## Change in free energy for a reaction at equilibrium

$\Delta G^{\circ}= \Delta H^{\circ} - T \Delta S^{\circ}$

$\Delta G^{\circ}= -RT\ln K$

$\Delta G^{\circ}= \sum \Delta G_{f}^{\circ}(products) - \sum \Delta G_{f}^{\circ}(reactants)$

Sam Joslyn 1G
Posts: 34
Joined: Fri Sep 28, 2018 12:20 am

### Change in free energy for a reaction at equilibrium

I am a little confused by the notes I took during Friday week 6's lecture, and was wondering if anyone could help clarify. I am confused as to whether the change in Gibbs free energy for a reaction at equilibrium is 0 or -RTln(K). And if it is the latter, how can a reaction at equilibrium have a change in energy?

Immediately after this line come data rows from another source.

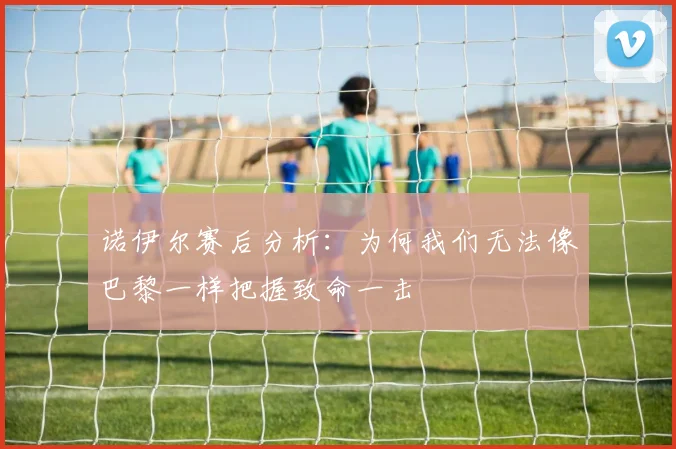诺伊尔赛后分析:为何我们无法像巴黎一样把握致命一击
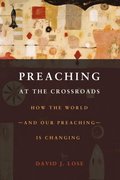 Preaching at the Crossroads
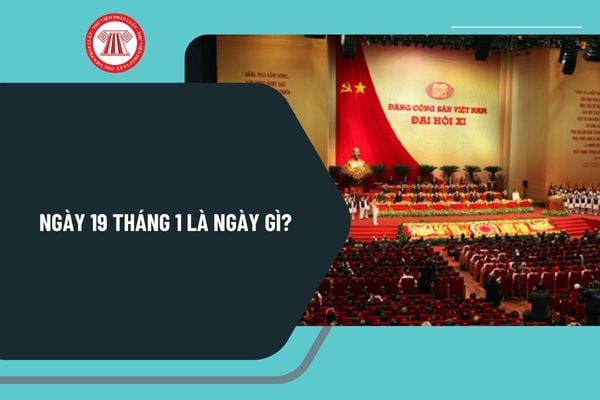 Ngày 19 tháng 1 là ngày gì? Ngày 19 tháng 1 có sự kiện gì ở Việt Nam? Ngày 19 tháng 1 năm 2025 là thứ mấy?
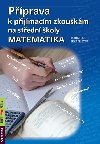 Matematika - Příprava k přijímacím zkouškám na SŠ - Markéta Sekaninová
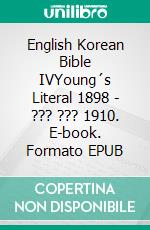 English Korean Bible IVYoung´s Literal 1898 - ??? ??? 1910. E-book. Formato EPUB ebook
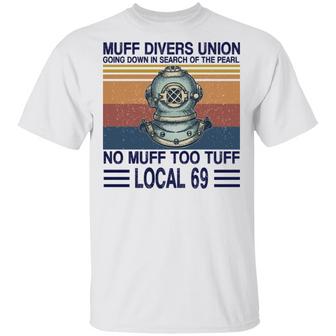 Muff Divers Union Going Down In Search Of The Pearl T-Shirt - Thegiftio UK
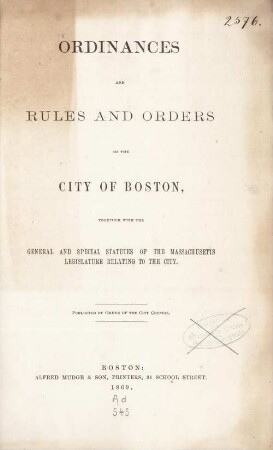Ordinances and rules and orders of the city of Boston : together with the general and special statutes of the Massachusetts legislature relating to the city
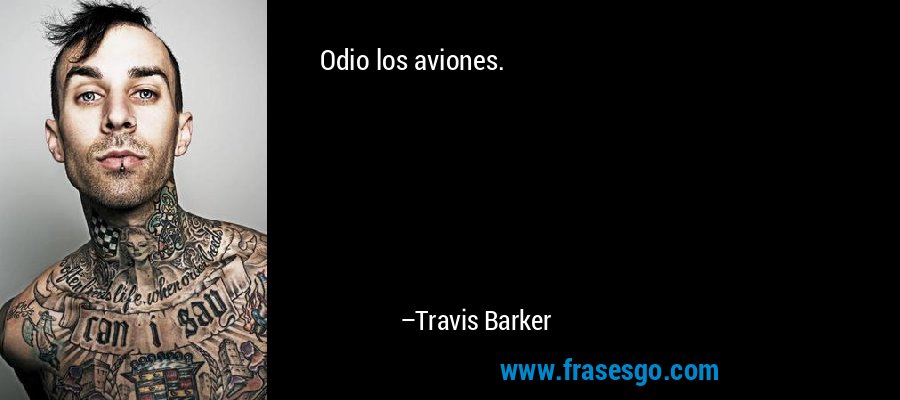 Odio los aviones. – Travis Barker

Jayasuriya Senthilvelan 4I
Posts: 31
Joined: Thu Jan 10, 2019 12:17 am

### Re: Change in free energy for a reaction at equilibrium

The change in Gibbs free energy for a reaction at equilibrium is 0. When delta G is zero, it means neither the forward reaction nor the reverse reaction is more spontaneous or more favored than the other. That is, both directions are equally favored. This matches with the definition of equilibrium (both forward and reverse reactions occur at equal rates).

Sydney Tay 2B
Posts: 64
Joined: Fri Sep 28, 2018 12:20 am

### Re: Change in free energy for a reaction at equilibrium

At equilibrium deltaG is 0 when at constant temperature and pressure. The example they give in the textbook is that when the temperature is 0 C, solid water and liquid water are at an equilibrium (as seen in the heating curve because they are both present), so the deltaG is 0.

Brian Hom 2F
Posts: 60
Joined: Fri Sep 28, 2018 12:24 am

### Re: Change in free energy for a reaction at equilibrium

The change in Gibbs free energy for a reaction at equilibrium is 0 J because at equilibrium neither the forward reaction nor the reverse reaction is favored so the change in Gibbs free energy is 0. Both reactions are equally spontaneous.